В гриднице зашумели и закричали. Весть ошеломила князей. Волынь… Сильное и богатое княжество на западе Руси, лакомый кусок. По смерти Мстислава княжество стало выморочным, Великий по древнему праву мог дать его в удел. Кому? Многие из собравшихся видели себя на Волыни. Болеслава, севшего на опустевший стол, помехой не считали. Святослав его б не потерпел – выбил бы живо. Кто сел бы взамен? Ярослав? Ему и в Чернигове хорошо. Игорь согласился бы с радостью, передав Новгород-Северский брату. Освободившийся Курск – место не самое сладкое, но все же удел, а у Давыда в Смоленске сыновья подрастают… Мог Великий пожаловать Волынь и Ростиславу. Тогда б освободился Белгород. Кому его? Володько без стола мается, из милости тестя живет… Эти соображения и привели князей в Киев. Понимали: походом на Галич дело не кончится. Разгромят Ивана, а после – Волынь! И вот на тебе!

Святослав терпеливо ждал, когда гам в гриднице стихнет.

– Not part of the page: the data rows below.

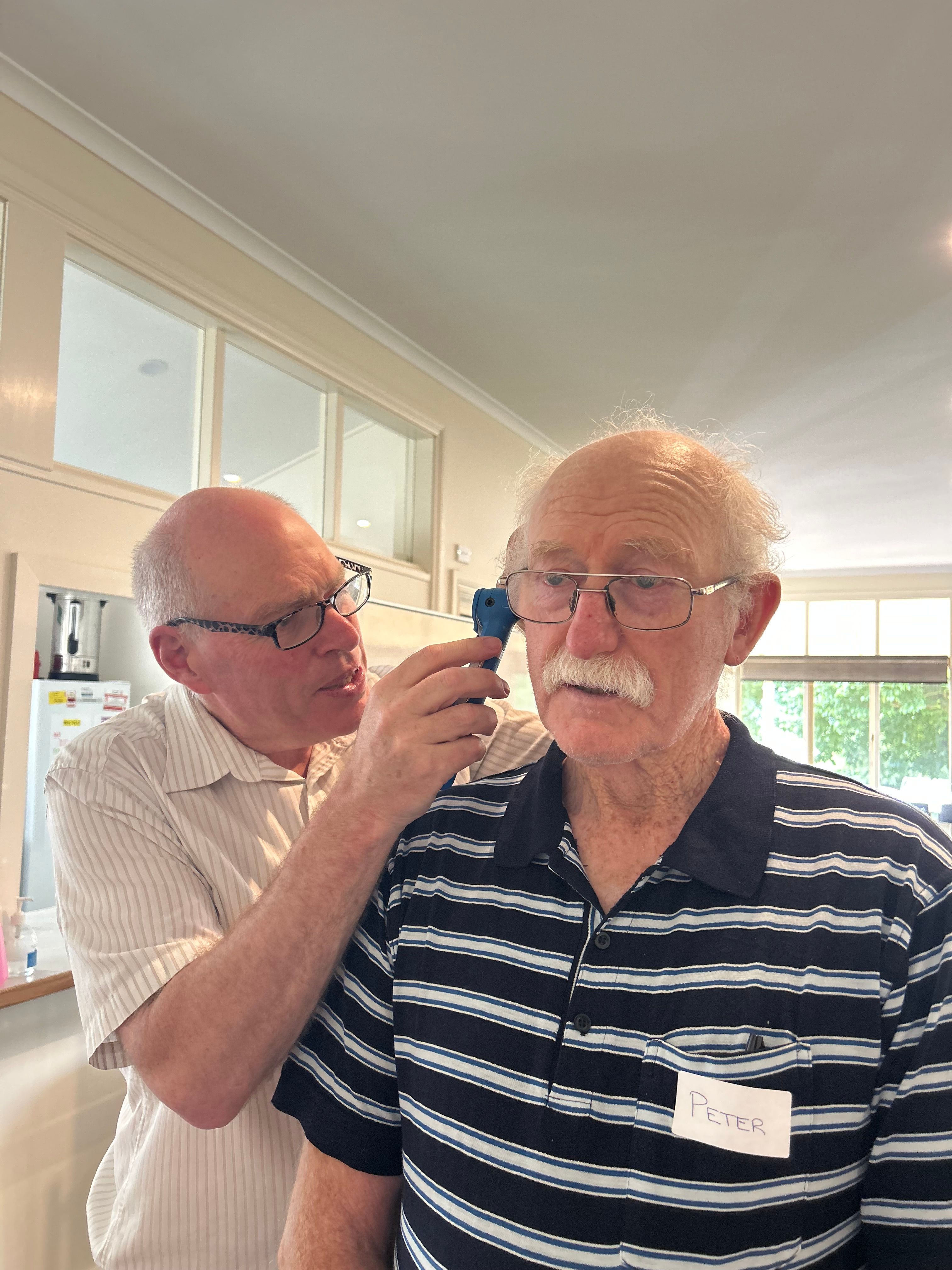 person getting an ear check 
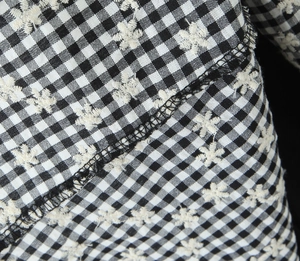 Macro shot of black and white plaid fabric with small white floral embroidery detail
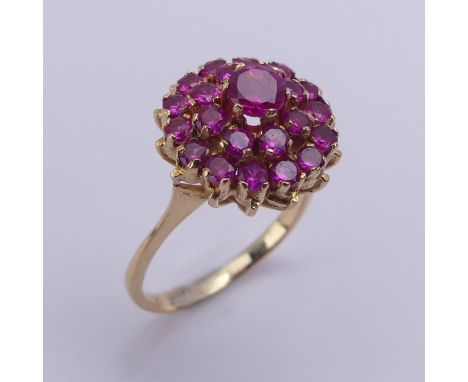 A ruby cluster Ring, the circular synthetic pink stones claw set in unmarked yellow metal, tested as 18ct gold, 14mm cluster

– Гонец грамоту Ивана из Владимира вез, – Святослав устало потер глаза. – Тот и поведал, как дело было. Иван пришел к Владимиру и сказал, что он сыновец Мстислава, потому Волынь его.

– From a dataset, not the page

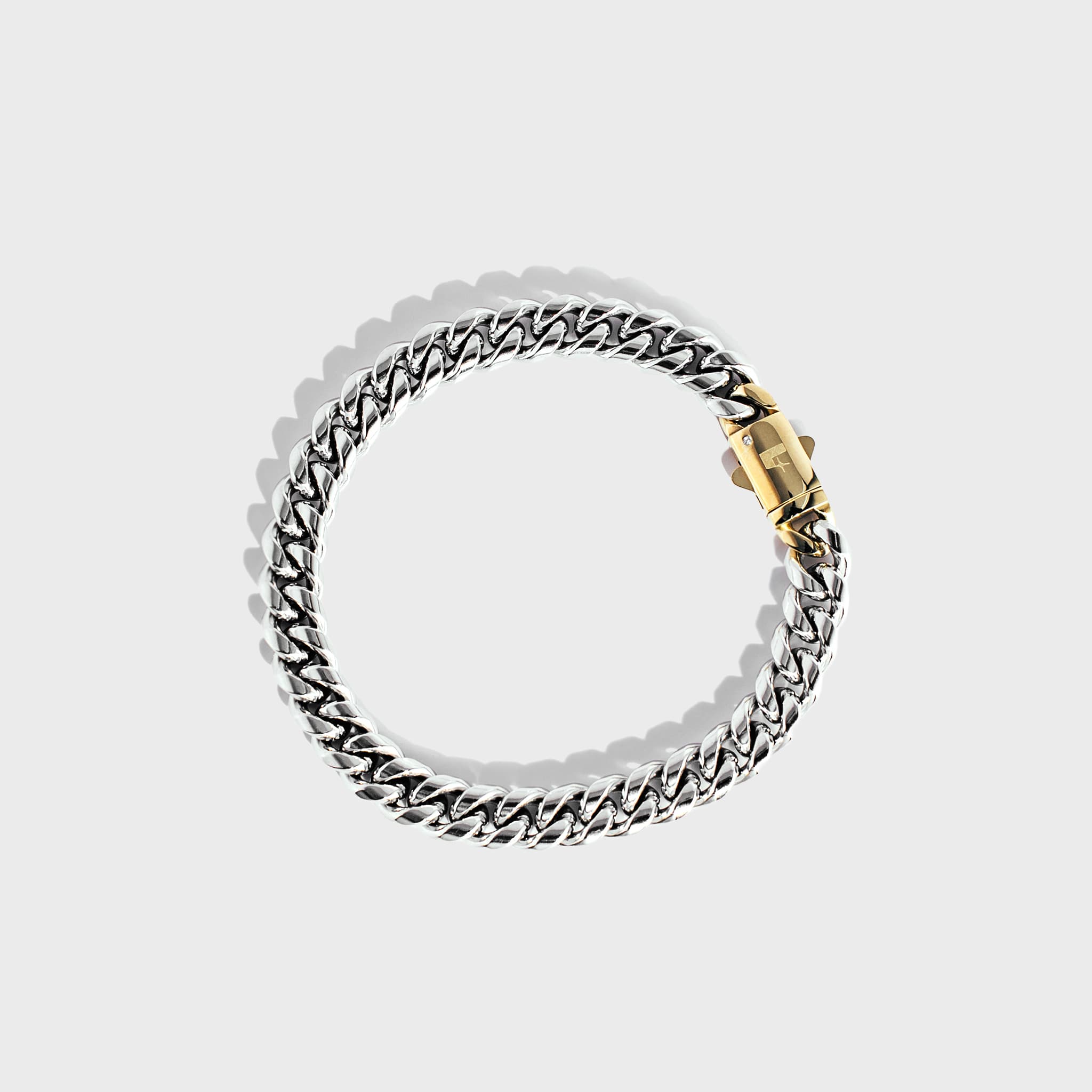 Silver thick chain bracelet with gold clasp on white background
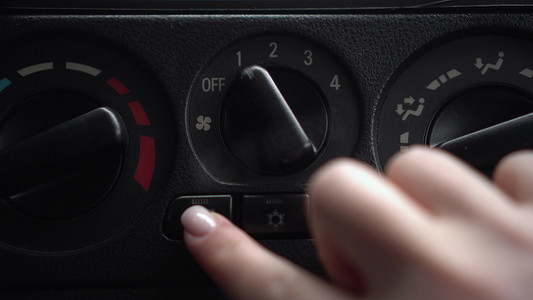 女人打开风扇，按下车内的车窗加热按钮。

– А Болеслав? – Володько поперхнулся слюной, вскочил. – Неужто поверил?

– Разумеется, нет! – вздохнул Великий. – С чего бы? Всем ведомо, что княжич Иван сгинул на охоте. Болеслав затворился в городе, Иван под стенами встал. Посады не тронул, запретив людям даже куренка брать, волынцы осмелели и пошли к нему. Иван их приветил и попросил скотину для корма. Цену втрое против обычной положил. Стада из города ему и перегнали. Во Владимире есть стало нечего…

Князья слушали, не веря ушам своим. О таком способе осады они слышали впервые.

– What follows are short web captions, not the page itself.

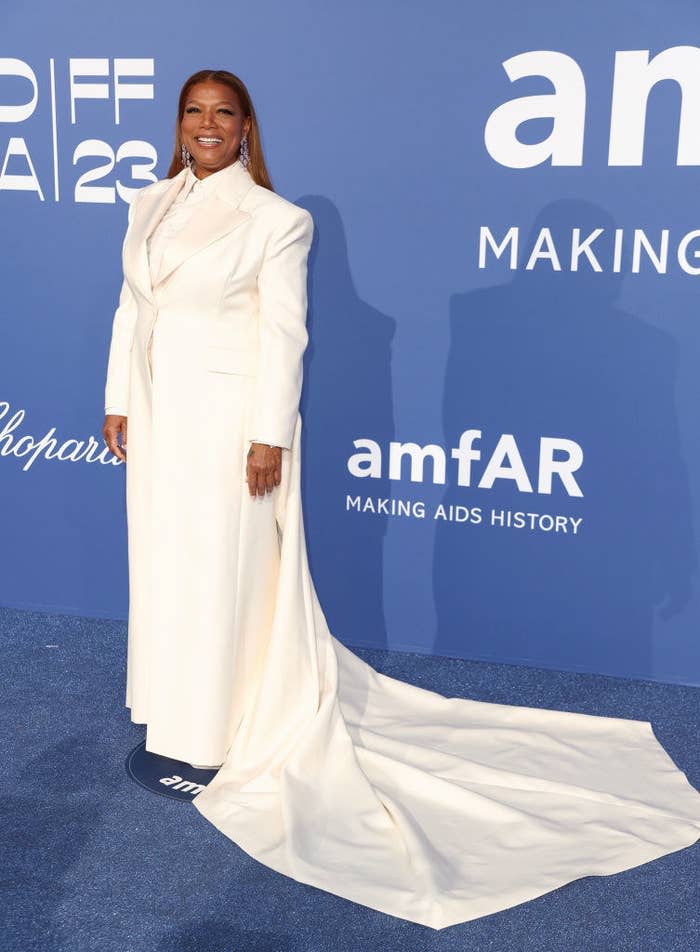 Queen Latifah is wearing a monochrome coat dress with a short train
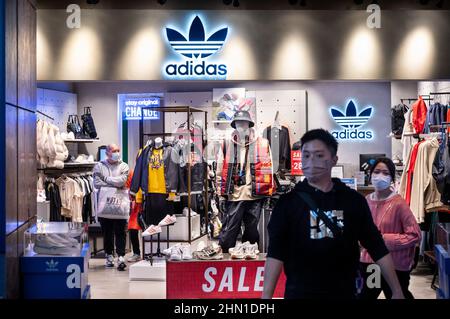 Los compradores ven en la tienda Adidas de la marca alemana de ropa deportiva multinacional en Hong Kong de stock - Alamy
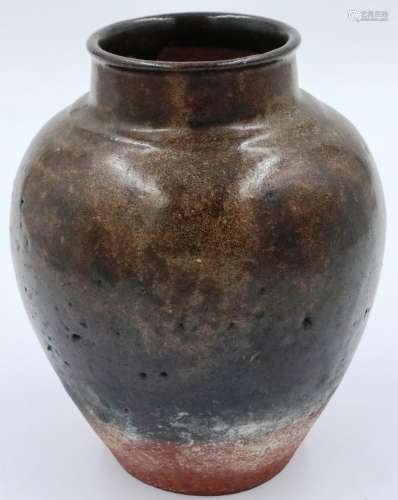 A late Tang Dynasty glazed jar, H: 18 cm. Glaze stops 4 cm s...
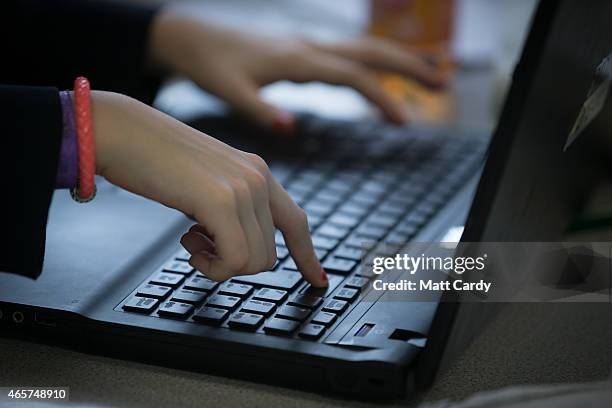 Pupil uses a laptop computer during a english lesson at the Ridings Federation Winterbourne International Academy in Winterbourne near Bristol on...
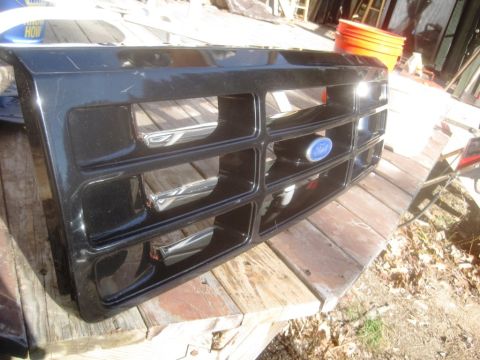 1993 Ford Bronco - A black Ford grille with chrome accents and a blue oval Ford emblem is displayed on a wooden surface.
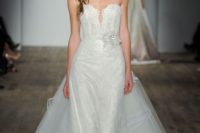 22 white strapless wedding gown with a covered plunging neckline, a flower on the waist and a detachable skirt by Lazaro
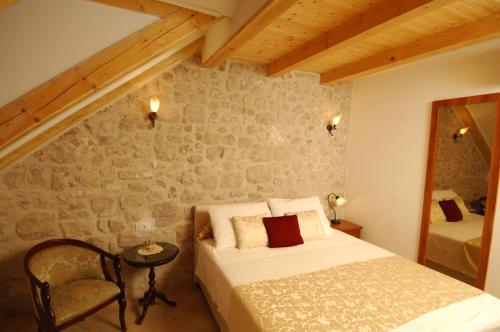 a bedroom with a bed and a table and a chair at Villa Sigurata in Dubrovnik
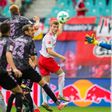 Leipzig's Timo Werner (C) scores the first goal for his team during their match against SC Freiburg in Leipzig, eastern Germany on August 27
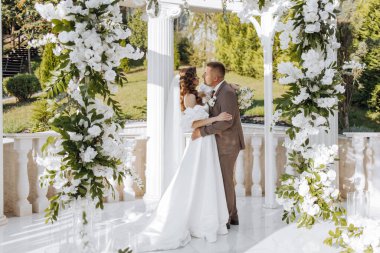 Zarif bir gelin ve damat, güneşli bir düğün gününde güzel bir yerde çiçeklerin arka planına karşı birlikte poz verirler. Damat geline nazikçe sarılır ve onu öper..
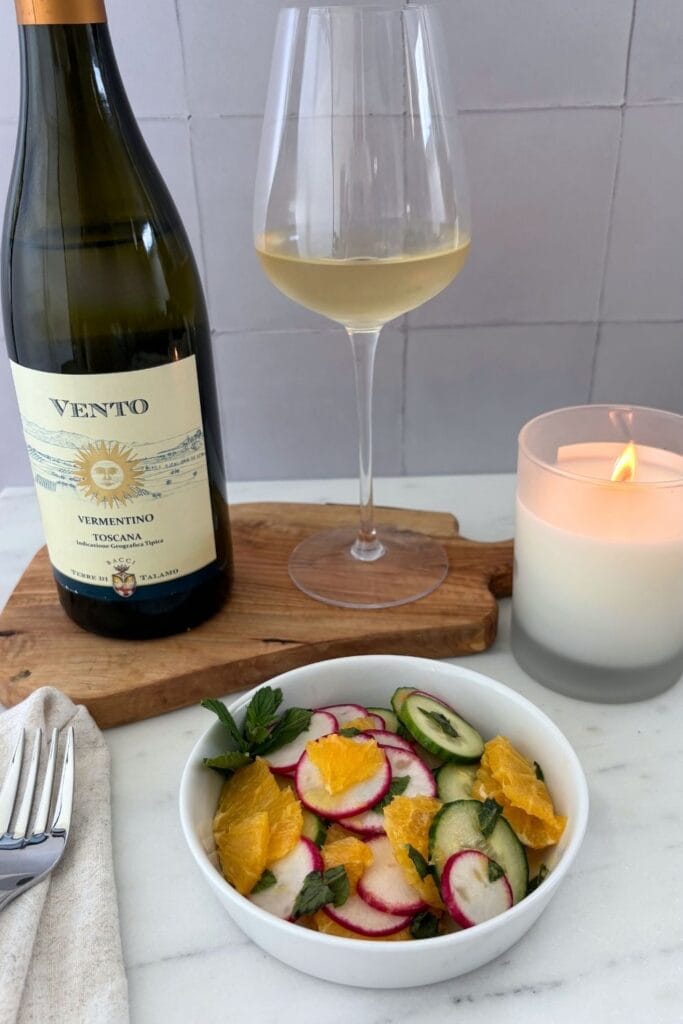 Marcella Hazan’s orange and cucumber salad with radishes and mint served with a glass of Vermentino.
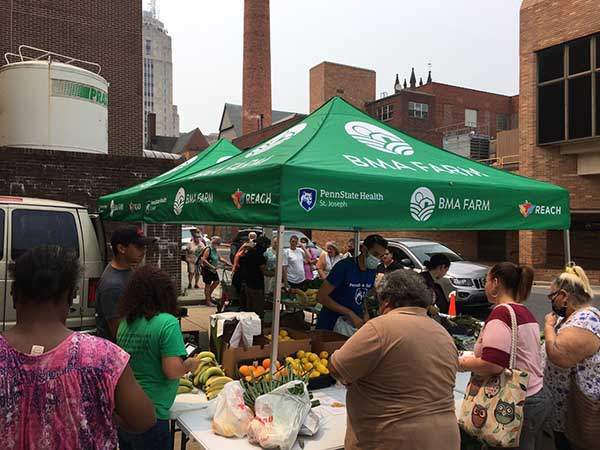 A group of people are shopping at an outside food stand in the City of Reading offering fresh fruits and vegetables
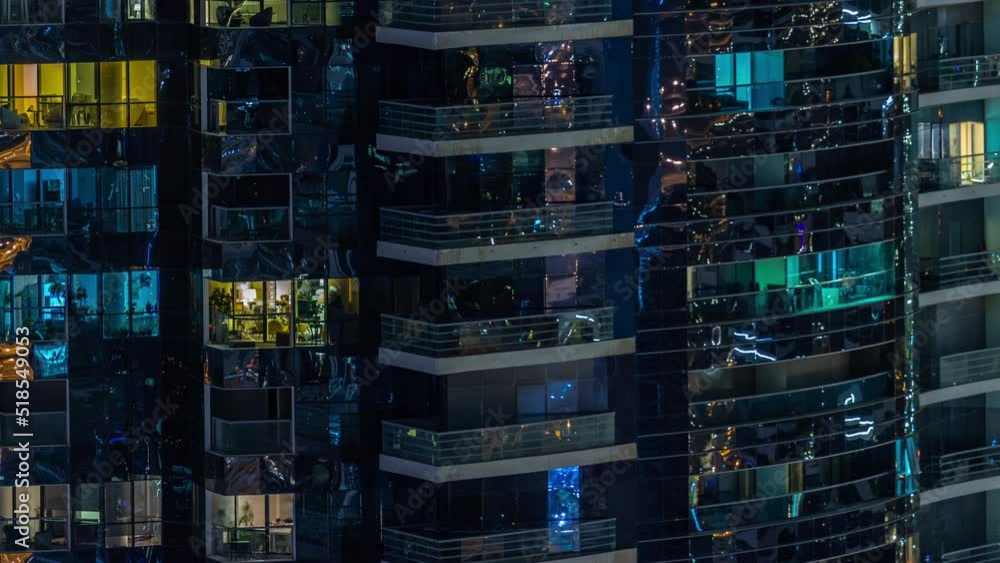 Night view of many glowing windows in apartment residential tower timelapse. High rise skyscraper with lights in rooms. Relax zone on balcony Night view of many glowing windows in apartment residential tower timelapse. High rise skyscraper with lights in rooms. Relax zone on balcony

– Болеславу деваться стало некуда, вызвал Ивана на переговоры. Думал прилюдно изобличить самозванца, после чего убить, только Иван оказался хитрее. Потребовал привести Доброславу, мать покойного княжича. Дескать, коли не признает его княгиня, так сам уйдет. Болеслав спохватился, да поздно: волыняне встопорщились. Привезли Доброславу, та Ивана и признай…

– Так он сын Ингваря! – ахнул Ростислав.

– Скорее Петра! – буркнул Володько.

Святослав сердито глянул на обоих. Князья умолкли.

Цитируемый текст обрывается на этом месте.